If you could read a book and get a glimpse into another society, would you? By reading fiction books, I will often find a topic that intrigues me that will then push me to read a nonfiction book about the same topic. It’s an enjoyable cycle! Historical fiction is one of the biggest genres that leads me to nonfiction books. I love fact-checking the fiction book to see how closely the author wrote to what happened in real life. Historical fiction that focuses on remarkable women is one of my favorites. Stephanie Barron’s latest works falls under this category.
That Churchill Woman by Stephanie Barron chronicles the life of one of history’s most remarkable, controversial, and influential women: Winston Churchill’s scandalous American mother, Jennie Jerome. Jennie was born in Brooklyn to a prosperous American financier father and a mother with high social ambitions for both herself and her daughters. Eventually ending up in Europe with her mother and siblings after a scandal rocked her parents, Jennie realizes that she is responsible for securing her own destiny. Jennie is wealthy, privileged, and raised by her father to be fiercely independent. The moment she landed in Victorian England, Jennie and her family took the area by storm.

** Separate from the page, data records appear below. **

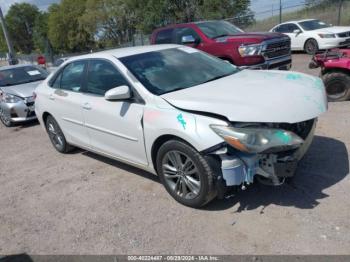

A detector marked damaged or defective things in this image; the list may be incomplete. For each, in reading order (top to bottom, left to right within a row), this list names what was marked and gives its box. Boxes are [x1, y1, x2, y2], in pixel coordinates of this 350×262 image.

crumpled front bumper [0, 98, 36, 123]
crushed hood [0, 80, 41, 97]
damaged white sedan [34, 45, 326, 209]
crushed hood [161, 69, 328, 123]
broken headlight [211, 125, 304, 154]
crumpled front bumper [211, 118, 318, 188]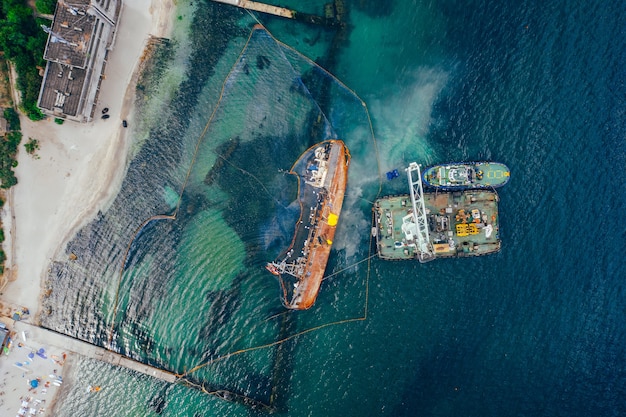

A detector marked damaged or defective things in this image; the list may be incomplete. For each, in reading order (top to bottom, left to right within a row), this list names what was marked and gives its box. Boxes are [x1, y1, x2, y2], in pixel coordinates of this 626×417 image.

rusty tanker ship [266, 140, 348, 308]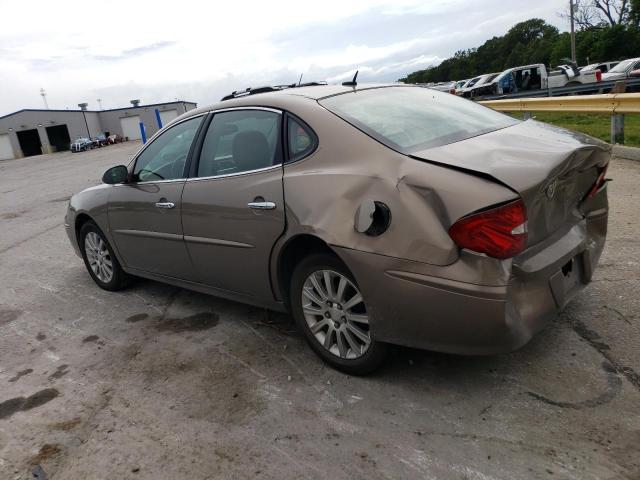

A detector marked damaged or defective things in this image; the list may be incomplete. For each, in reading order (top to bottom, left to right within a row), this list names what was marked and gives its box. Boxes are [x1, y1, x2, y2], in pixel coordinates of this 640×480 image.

broken tail light [448, 199, 528, 258]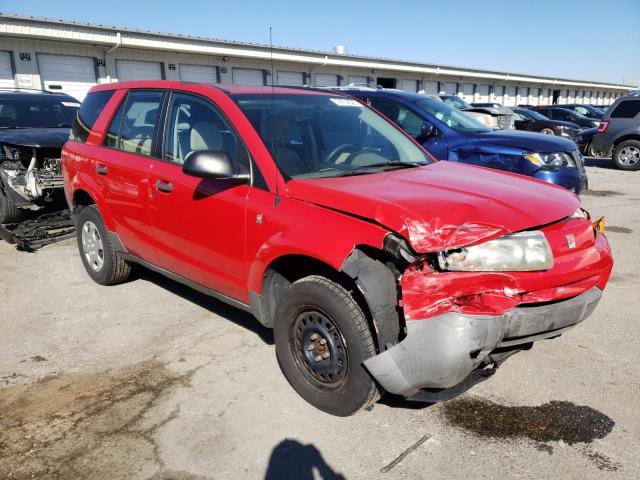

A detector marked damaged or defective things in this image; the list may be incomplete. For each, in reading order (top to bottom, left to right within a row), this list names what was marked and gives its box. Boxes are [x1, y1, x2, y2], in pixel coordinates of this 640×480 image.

damaged front end [0, 142, 64, 211]
exposed headlight assembly [524, 154, 576, 171]
exposed headlight assembly [438, 231, 552, 272]
damaged front end [362, 214, 612, 402]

Jennie runs into Lord Randolph Churchill at a party and decides she wants to marry him when she is just nineteen years old. The shocker? They have only known each other for three days when Jennie decides to marry him. Once they are married, she is instantly swept into a crazy whirlwind of British politics and the social climbers that surround Bertie, Prince of Wales. Jennie is now the new Lady Randolph Churchill, a brash American woman who thinks for herself and is careless of English society rules. She becomes a London sensation, traveling without her husband to Marlborough House and gathering admirers and critics along the way. Since Jennie knows about politics and is also a gifted piano player, she uses her talents to begin shaping her husband’s rise in Parliament. Jennie is also widely known as the mother of Winston Churchill. She uses her talents to help navigate Winston’s journey into manhood. He had a difficult childhood, but Jennie made sure to be at his side.

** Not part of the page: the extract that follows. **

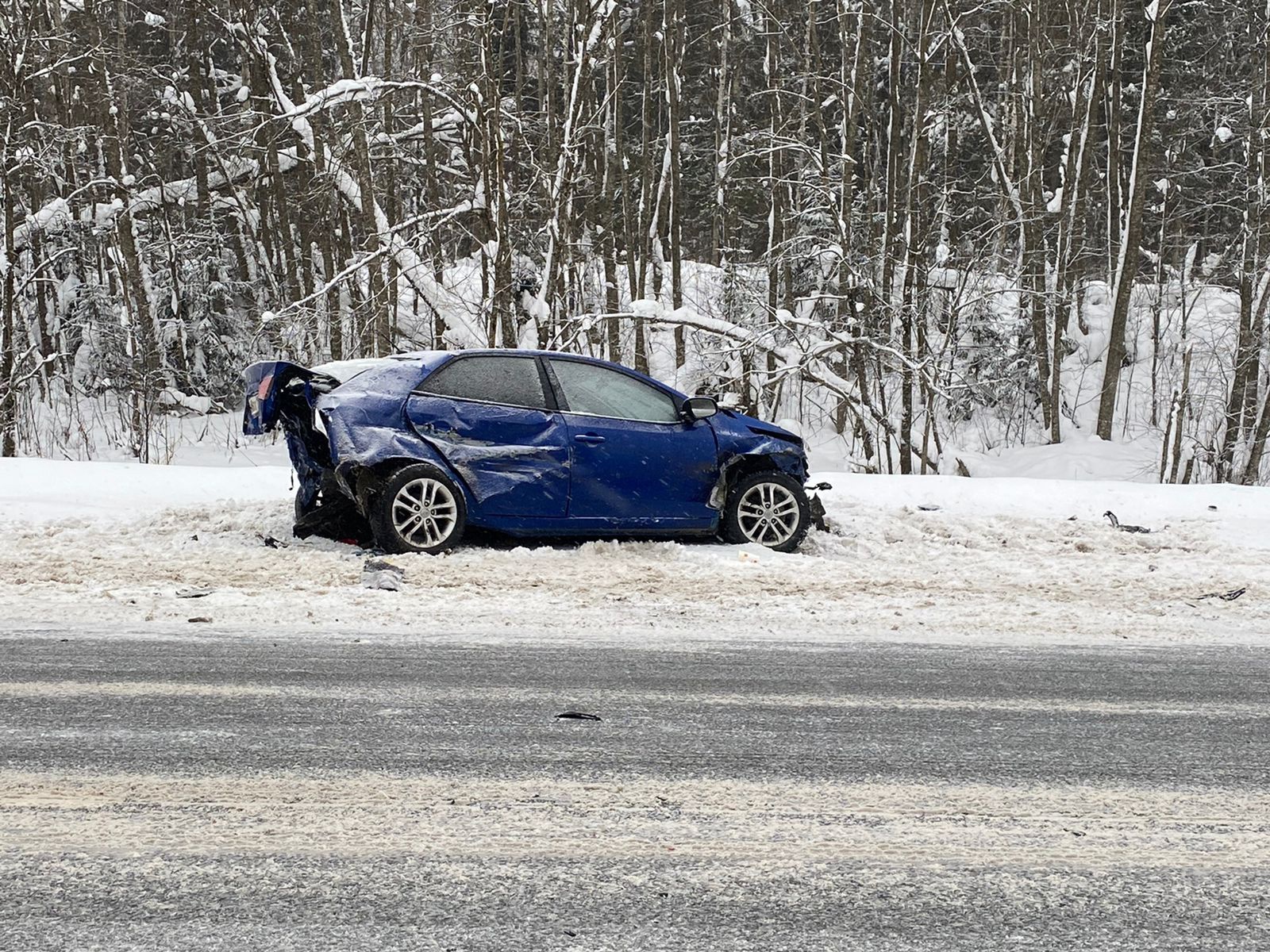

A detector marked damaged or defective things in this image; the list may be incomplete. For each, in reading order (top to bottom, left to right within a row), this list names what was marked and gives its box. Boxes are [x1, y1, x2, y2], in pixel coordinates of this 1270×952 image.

crashed blue car [241, 355, 818, 555]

As the Churchill family becomes more influential, scandal and tragedy begin to strike them. Jennie has had lovers besides her husband, but none mean as much to her as Count Charles Kinsky. Kinsky is a man who loves horses like she does and passionately loves Jennie the way her husband can’t. Once Bertie, Prince of Wales, catches wind of their affair, Jennie is forced to rethink their love as she quickly realizes just how much her every move is judged in public. She must decide how to balance duty and desire, a choice which has consequences that ripple across the Atlantic. Jennie’s decision takes her to a new level of scandal as her children’s lives and all of those around her are greatly affected. This novel is a loving portrait of a woman who helped shape the Churchill era. Jennie’s legacy may be of a difficult and scandalous woman, but the balancing act she works out between obligation, desire, duty, love, and freedom is a testament to the soul of a woman who through sheer force of will was able to alter the course of history.